Getting Ready for the “Zoo”

Friday, October 14. Thirty-six hours until the flight from Newark to San Antonio departs, and I’m wrapping up my weeks-long mandated preparation for the annual Tennis Fantasy Week at John Newcombe’s ranch in New Braunfels. The exhortations began in a letter from event organizer Steve Contardi, writing from his Cincinnati base in mid-summer. “I’d like to urge you to prepare,” he had advised, telling me and the other 50 or so attendees to play four times a week, to mix singles and doubles, and to do 22 stretches at least ten times apiece every day. The stretching program, drawn up by “former major league baseball trainer” Larry Starr, admonished us to add sit-ups and push-ups if we really wanted to be ready, and to “decrease or stop drinking”.

Abstinence, frankly, seemed to go against the spirit of the adventure. The Tennis Fantasy Week has for 24 years been an annual men-only gathering.

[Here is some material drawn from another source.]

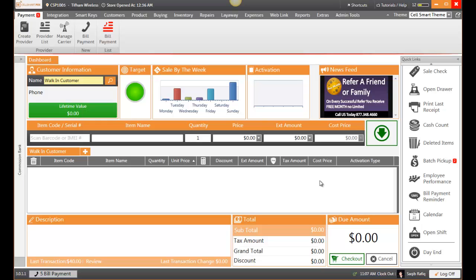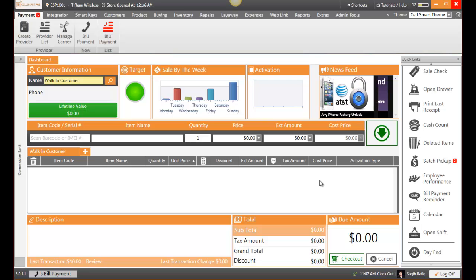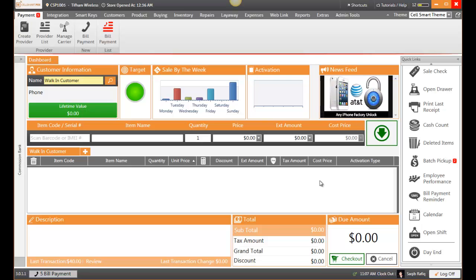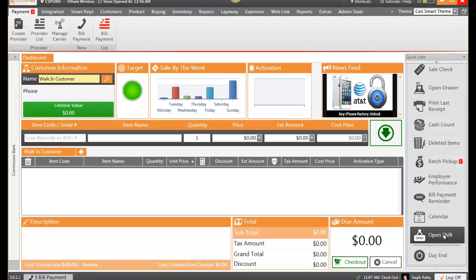Let me show you how to open your shift in Selsmart POS. Selsmart POS is a shift-based software. Each register can have multiple shifts throughout the day. In order to open your shift, click on the open shift button.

The 13 “Legends”—besides Newk, we’d be overseen by Fred Stolle, Owen Davidson, Roy Emerson, Dick Stockton, Guillermo Vilas, Ross Case, Brian Gottfried, Mark Woodforde, Charlie Pasarell, Marty Riessen, Geoff Masters and Rick Leach — were, as far as I knew, amenable to a pint every now and then. (Sean, the long-time bar manager at my home club, the West Side Tennis Club at Forest Hills, remembers afternoons in the 70s when the US Open was still being played there, and the men’s locker room had a bar next to the showers. The Aussies, in particular, were fond of stripping naked, grabbing a couple of bottles, and sunbathing on a not-entirely-secluded deck over the clubhouse terrace. Or so Sean says.)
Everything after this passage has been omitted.